February 27 will be remembered by India, Pakistan and Indian Airforce (IAF) pilot Wing Commander Abhinandan Varthaman for decades. Four years down the line, it is imperative to scrutinise critically who gained what from this brief skirmish.
Readers may recall that on 14 February 2019, India launched a false flag operation in the Pulwama district of Illegally Indian Occupied Kashmir (IIOK), resulting in the death of 40 Central Reserve Police Force (CRPF) personnel.
Blaming Pakistan for the attack, IAF conducted a night surgical strike on Balakot, well within Pakistan’s sovereign territory in the wee hours of 26 February.
Indian media quoted official sources that twelve IAF Mirage 2000 fighter aircraft were involved in the operation. According to The Indian Express, the Mirage 2000s were equipped with SPICE 2000 & Popeye precision-guided munitions and that they were supported by four Sukhoi Su-30MKI, Netra and Phalcon airborne early warning and control aircraft, an IAI Heron UAV and two Ilyushin Il-78 aerial refuelling aircraft.
Following the incursion, ISPR released the news of the failed strike first; directly the xenophobic Indian media went berserk to the extent that Indian External Affairs Minister Sushma Swaraj claimed that IAF targeted an alleged terrorist training camp in Pakistan, which was leveled and “350 militants were killed.”
Pakistan not only denied the existence of any training center in the area but also stated that the IAF surgical strike had failed since the bombs only managed to create a few craters and destroy some pine trees.
The same was confirmed by the foreign and local media teams who were provided access to the strike site.
Analysis of open-source satellite imagery by the Atlantic Council’s Digital Forensics Laboratory, San Francisco-based Planet Labs, European Space Imaging, and the Australian Strategic Policy Institute concluded that India did not hit any targets of significance on the Jaba hilltop site in the vicinity of Balakot–thus exposing the Indian false claims.
Besides the IAF, Israel too, must have been disconcerted by the poor performance of IAF in the assault, since the SPICE 2000 & Popeye precision-guided munitions, Phalcon airborne early warning and control aircraft and IAI Heron UAV are all of Israeli origin but they collectively failed to achieve any success.
The next morning, after assessing that IAF was unsuccessful in causing any damage, PAF launched “Operation Swift Retort” to send a clear message to India, targeting multiple locations in IIOK but deliberately dropped their payload off the target sites to avoid any human casualty or collateral damage.

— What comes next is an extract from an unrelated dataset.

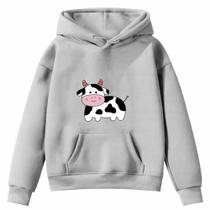 Moletom Infantil Vaquinha Desenho Infância Bolso Canguru com Capuz - Envio Imediato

When IAF interceptors tried to retaliate, they were trapped and in the melee, two were shot down by PAF: a MiG-21 and a SU-30. The debris of the SU-30 fell in IIOK and its pilot was killed but the kill was recorded on PAF aerial reconnaissance platforms, yet no formal claim was made or awarded.
The MiG-21 pilot, Wing Commander Abhinandan Varthaman, who ejected safely, landed in Azad Kashmir and was captured alive.
On the same day IAF mistakenly shot down its own Mi-17 helicopter with SPYDER air defense system (ironically also of Israeli origin), killing six Air Force personnel and 1 civilian in a frenzy of confusion. Later, two Indian officers were court martialed for their faux-pas.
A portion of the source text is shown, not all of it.